PROBLEM REQUIREMENTS:
Among the entries below, find every line that contains the string "rent", then copy it.

EXTRACTED INFORMATION:

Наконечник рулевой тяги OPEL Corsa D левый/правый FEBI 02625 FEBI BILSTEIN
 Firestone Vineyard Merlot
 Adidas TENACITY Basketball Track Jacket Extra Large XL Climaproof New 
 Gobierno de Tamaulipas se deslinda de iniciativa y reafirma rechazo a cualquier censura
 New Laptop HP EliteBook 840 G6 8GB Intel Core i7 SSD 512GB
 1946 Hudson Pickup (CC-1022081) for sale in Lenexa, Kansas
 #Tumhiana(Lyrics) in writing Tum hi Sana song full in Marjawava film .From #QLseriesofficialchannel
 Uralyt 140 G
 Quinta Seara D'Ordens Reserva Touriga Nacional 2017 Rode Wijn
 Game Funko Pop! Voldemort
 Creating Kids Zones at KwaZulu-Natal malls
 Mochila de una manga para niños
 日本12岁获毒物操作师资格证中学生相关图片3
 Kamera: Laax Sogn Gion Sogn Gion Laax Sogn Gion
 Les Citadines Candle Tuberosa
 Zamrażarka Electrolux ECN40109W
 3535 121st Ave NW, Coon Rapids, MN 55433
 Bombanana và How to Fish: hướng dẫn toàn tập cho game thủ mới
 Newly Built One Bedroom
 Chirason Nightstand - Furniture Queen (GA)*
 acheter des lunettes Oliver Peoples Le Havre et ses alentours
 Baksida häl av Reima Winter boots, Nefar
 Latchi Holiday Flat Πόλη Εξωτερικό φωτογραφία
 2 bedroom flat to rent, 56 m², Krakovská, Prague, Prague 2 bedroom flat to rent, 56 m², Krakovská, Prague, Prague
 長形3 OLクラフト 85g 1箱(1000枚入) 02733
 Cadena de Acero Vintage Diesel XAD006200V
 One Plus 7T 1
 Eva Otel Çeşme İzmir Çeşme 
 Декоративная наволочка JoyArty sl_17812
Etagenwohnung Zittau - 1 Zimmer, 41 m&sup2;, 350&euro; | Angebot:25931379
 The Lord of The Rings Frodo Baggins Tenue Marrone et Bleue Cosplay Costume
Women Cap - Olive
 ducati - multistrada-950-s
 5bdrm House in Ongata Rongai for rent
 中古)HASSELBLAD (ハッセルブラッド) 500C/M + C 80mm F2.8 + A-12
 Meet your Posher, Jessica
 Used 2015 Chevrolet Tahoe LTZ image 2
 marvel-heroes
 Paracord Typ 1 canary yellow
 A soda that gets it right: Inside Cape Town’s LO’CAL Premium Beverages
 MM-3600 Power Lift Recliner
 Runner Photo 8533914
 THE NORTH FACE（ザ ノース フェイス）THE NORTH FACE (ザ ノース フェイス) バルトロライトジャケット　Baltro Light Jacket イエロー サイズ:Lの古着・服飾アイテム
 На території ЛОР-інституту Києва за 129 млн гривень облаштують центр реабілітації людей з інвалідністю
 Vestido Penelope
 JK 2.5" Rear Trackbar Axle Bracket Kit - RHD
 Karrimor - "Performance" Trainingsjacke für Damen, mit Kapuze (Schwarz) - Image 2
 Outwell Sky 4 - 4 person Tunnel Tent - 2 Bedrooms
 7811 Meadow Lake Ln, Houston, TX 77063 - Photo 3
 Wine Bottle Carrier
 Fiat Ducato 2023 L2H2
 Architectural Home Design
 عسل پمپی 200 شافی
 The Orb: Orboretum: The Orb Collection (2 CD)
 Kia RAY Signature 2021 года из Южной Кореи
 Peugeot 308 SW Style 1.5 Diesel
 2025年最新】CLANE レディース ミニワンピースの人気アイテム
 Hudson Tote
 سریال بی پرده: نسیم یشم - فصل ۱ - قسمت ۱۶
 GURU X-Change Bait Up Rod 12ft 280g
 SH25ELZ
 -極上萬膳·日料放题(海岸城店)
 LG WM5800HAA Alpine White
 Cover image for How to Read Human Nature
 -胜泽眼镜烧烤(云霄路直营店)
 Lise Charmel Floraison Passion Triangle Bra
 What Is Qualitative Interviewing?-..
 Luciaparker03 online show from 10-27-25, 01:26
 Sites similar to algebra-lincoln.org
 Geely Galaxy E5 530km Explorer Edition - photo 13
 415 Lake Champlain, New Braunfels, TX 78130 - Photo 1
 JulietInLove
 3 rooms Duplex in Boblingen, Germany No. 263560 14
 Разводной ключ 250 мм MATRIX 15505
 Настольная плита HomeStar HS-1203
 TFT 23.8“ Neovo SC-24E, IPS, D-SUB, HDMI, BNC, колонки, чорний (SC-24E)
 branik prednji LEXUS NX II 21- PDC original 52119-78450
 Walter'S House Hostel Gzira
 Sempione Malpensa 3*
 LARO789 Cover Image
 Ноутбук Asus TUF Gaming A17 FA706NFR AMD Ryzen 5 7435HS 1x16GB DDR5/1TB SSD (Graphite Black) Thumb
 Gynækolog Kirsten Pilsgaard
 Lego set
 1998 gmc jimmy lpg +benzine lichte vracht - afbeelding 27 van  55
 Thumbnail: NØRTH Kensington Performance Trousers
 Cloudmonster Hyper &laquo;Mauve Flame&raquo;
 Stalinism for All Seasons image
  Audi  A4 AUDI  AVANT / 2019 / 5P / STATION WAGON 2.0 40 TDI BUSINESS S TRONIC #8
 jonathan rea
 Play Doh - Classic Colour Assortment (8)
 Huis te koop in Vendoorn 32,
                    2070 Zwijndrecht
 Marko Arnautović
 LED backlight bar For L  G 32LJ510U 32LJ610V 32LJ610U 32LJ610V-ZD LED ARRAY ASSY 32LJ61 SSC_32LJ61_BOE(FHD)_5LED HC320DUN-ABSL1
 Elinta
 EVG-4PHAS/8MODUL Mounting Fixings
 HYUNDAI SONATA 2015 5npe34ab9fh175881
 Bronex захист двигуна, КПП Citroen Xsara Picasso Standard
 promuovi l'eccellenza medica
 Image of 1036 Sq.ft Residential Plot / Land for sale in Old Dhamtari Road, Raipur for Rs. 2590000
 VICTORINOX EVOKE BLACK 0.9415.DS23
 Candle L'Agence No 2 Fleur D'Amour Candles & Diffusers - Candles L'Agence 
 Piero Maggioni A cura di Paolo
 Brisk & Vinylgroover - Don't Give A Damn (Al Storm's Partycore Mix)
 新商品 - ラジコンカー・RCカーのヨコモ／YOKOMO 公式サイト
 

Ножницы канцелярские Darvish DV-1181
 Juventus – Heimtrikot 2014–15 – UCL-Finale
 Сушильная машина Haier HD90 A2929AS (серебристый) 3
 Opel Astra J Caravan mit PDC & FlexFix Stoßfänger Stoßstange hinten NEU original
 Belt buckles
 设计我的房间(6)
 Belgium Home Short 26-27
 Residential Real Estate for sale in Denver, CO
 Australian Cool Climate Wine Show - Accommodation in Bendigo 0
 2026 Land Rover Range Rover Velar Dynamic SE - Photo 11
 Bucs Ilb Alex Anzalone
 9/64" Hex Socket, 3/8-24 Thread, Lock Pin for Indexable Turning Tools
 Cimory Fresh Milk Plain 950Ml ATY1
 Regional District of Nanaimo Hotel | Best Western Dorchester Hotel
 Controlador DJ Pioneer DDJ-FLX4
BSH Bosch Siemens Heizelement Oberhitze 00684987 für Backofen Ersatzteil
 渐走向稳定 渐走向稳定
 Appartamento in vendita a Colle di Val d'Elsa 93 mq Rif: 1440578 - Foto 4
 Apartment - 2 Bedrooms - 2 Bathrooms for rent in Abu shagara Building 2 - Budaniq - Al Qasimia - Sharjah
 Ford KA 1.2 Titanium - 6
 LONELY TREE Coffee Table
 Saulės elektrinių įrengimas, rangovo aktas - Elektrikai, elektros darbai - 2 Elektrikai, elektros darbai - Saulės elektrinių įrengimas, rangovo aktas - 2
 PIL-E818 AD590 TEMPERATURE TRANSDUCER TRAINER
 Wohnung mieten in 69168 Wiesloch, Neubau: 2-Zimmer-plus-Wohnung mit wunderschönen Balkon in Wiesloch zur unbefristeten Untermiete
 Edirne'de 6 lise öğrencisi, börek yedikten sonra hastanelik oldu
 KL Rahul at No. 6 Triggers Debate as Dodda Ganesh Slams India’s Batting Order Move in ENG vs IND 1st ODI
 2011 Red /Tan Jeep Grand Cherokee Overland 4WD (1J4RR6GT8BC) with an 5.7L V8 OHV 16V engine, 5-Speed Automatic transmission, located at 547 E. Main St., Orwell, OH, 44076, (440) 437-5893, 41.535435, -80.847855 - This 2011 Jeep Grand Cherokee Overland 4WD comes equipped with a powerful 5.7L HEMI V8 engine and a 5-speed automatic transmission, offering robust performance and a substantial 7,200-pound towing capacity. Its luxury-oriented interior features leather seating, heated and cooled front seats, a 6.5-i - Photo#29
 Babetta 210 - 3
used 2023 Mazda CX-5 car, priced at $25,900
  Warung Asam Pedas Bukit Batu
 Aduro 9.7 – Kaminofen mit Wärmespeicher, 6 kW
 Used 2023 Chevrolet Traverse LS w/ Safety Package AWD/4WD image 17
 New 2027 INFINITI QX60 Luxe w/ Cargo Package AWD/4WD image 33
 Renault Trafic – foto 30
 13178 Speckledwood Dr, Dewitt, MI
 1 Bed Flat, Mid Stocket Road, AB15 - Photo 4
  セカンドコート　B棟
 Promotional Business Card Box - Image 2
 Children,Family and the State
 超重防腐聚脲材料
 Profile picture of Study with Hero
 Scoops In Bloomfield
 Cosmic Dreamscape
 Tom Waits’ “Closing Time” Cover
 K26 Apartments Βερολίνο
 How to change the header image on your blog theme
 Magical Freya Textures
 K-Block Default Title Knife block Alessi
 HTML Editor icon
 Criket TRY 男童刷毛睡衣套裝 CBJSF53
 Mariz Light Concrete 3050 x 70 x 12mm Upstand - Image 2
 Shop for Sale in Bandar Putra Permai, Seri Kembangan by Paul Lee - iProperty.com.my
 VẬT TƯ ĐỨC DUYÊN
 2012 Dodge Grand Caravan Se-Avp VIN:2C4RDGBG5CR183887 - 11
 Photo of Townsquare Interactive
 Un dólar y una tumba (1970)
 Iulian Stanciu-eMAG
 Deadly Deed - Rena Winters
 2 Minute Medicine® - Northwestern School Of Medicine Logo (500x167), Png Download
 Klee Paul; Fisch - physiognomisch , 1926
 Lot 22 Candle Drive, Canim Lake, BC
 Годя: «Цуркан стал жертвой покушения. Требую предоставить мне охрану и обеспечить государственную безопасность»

OUTPUT FOR THIS TASK:
 2 bedroom flat to rent, 56 m², Krakovská, Prague, Prague 2 bedroom flat to rent, 56 m², Krakovská, Prague, Prague
 5bdrm House in Ongata Rongai for rent
 Apartment - 2 Bedrooms - 2 Bathrooms for rent in Abu shagara Building 2 - Budaniq - Al Qasimia - Sharjah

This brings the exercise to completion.